Task to carry out: Print out the full material below, exact in every line, with no images included.

Provided data:

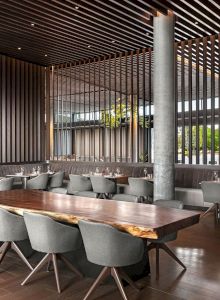 The image shows a modern, stylish restaurant interior with wooden accents, elegant gray chairs, and a large communal table.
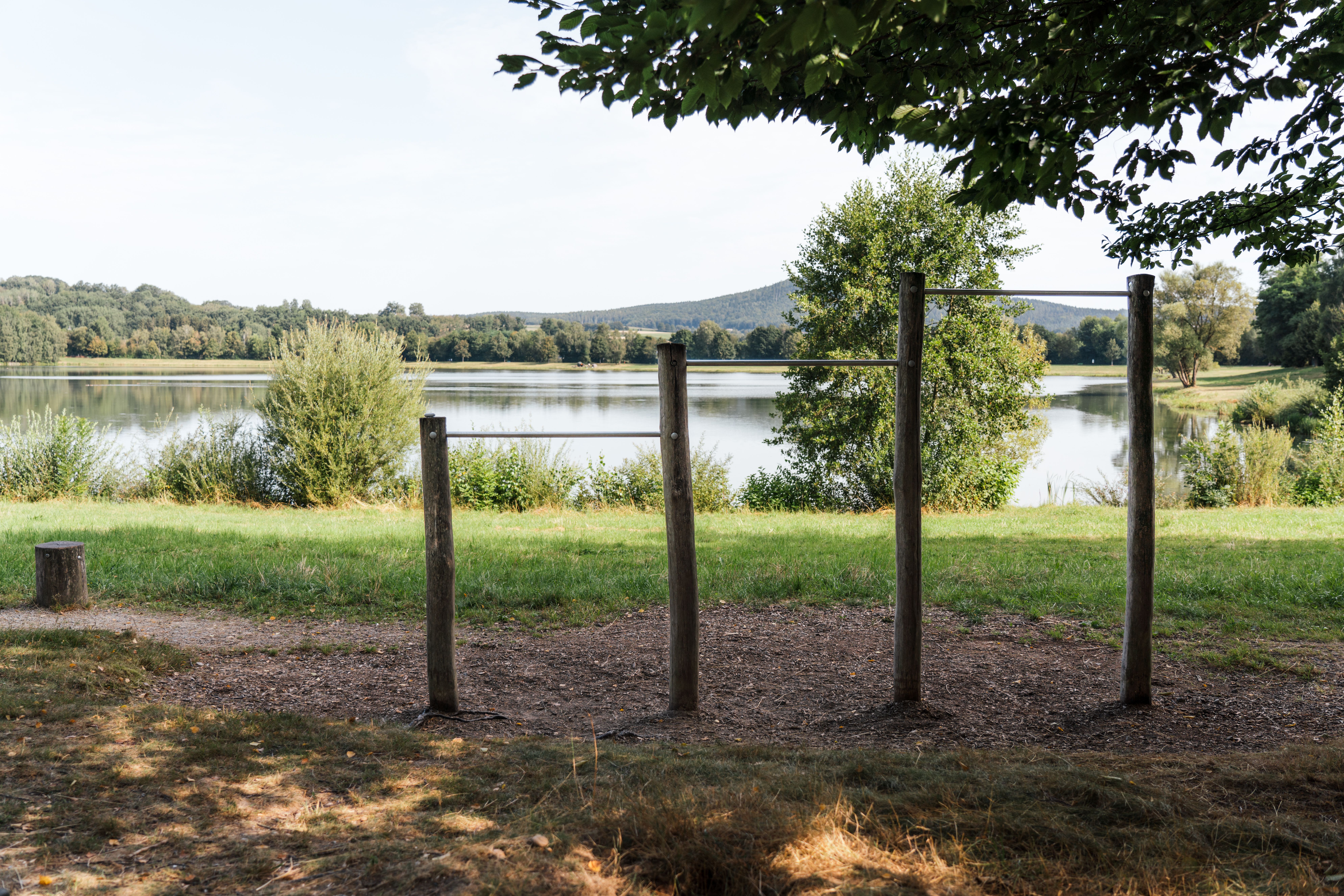 Platz der Bewegung am Satzdorfer See: Outdoor-Fitnessgerät aus Holz und Metall am Seeufer, umgeben von Natur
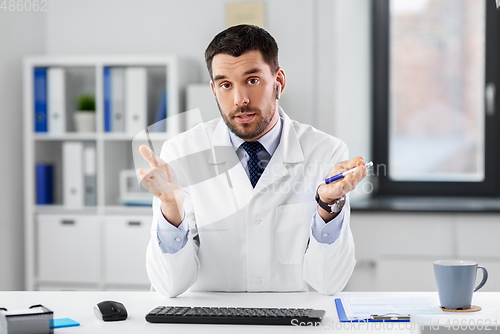 Image of doctor in earphones having video call at clinic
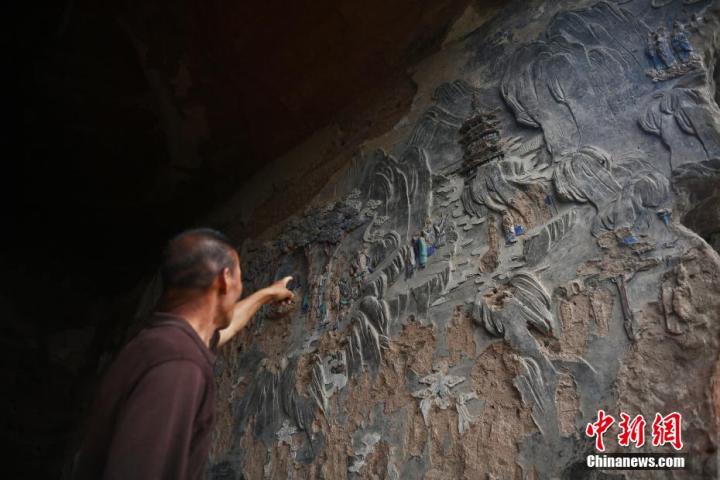7月15日，甘肅省平?jīng)鍪袥艽h百里石窟長廊羅漢洞石窟內(nèi)，該窟文保員郭建平介紹窟內(nèi)石刻彩繪壁畫。郭建平家中三代人曾自發(fā)保護羅漢洞石窟。羅漢洞石窟遺存40余個窟龕，以北魏至清代風格為主。中新社記者 李亞龍 攝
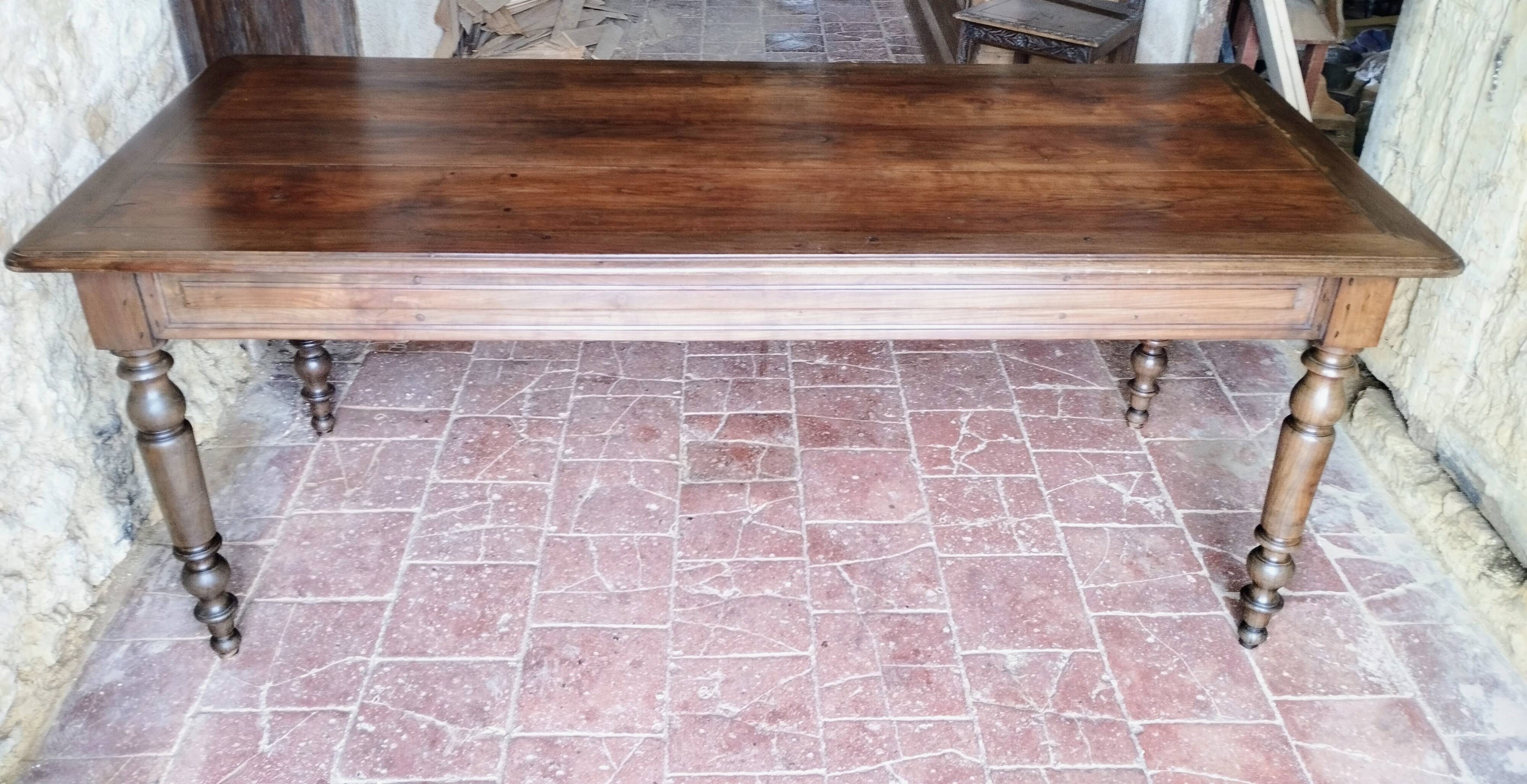 Old French farmhouse table in walnut, turned legs, waxed finish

Result for this exercise:
 The image shows a modern, stylish restaurant interior with wooden accents, elegant gray chairs, and a large communal table.
 Platz der Bewegung am Satzdorfer See: Outdoor-Fitnessgerät aus Holz und Metall am Seeufer, umgeben von Natur
 Image of doctor in earphones having video call at clinic
7月15日，甘肅省平?jīng)鍪袥艽h百里石窟長廊羅漢洞石窟內(nèi)，該窟文保員郭建平介紹窟內(nèi)石刻彩繪壁畫。郭建平家中三代人曾自發(fā)保護羅漢洞石窟。羅漢洞石窟遺存40余個窟龕，以北魏至清代風格為主。中新社記者 李亞龍 攝
 Old French farmhouse table in walnut, turned legs, waxed finish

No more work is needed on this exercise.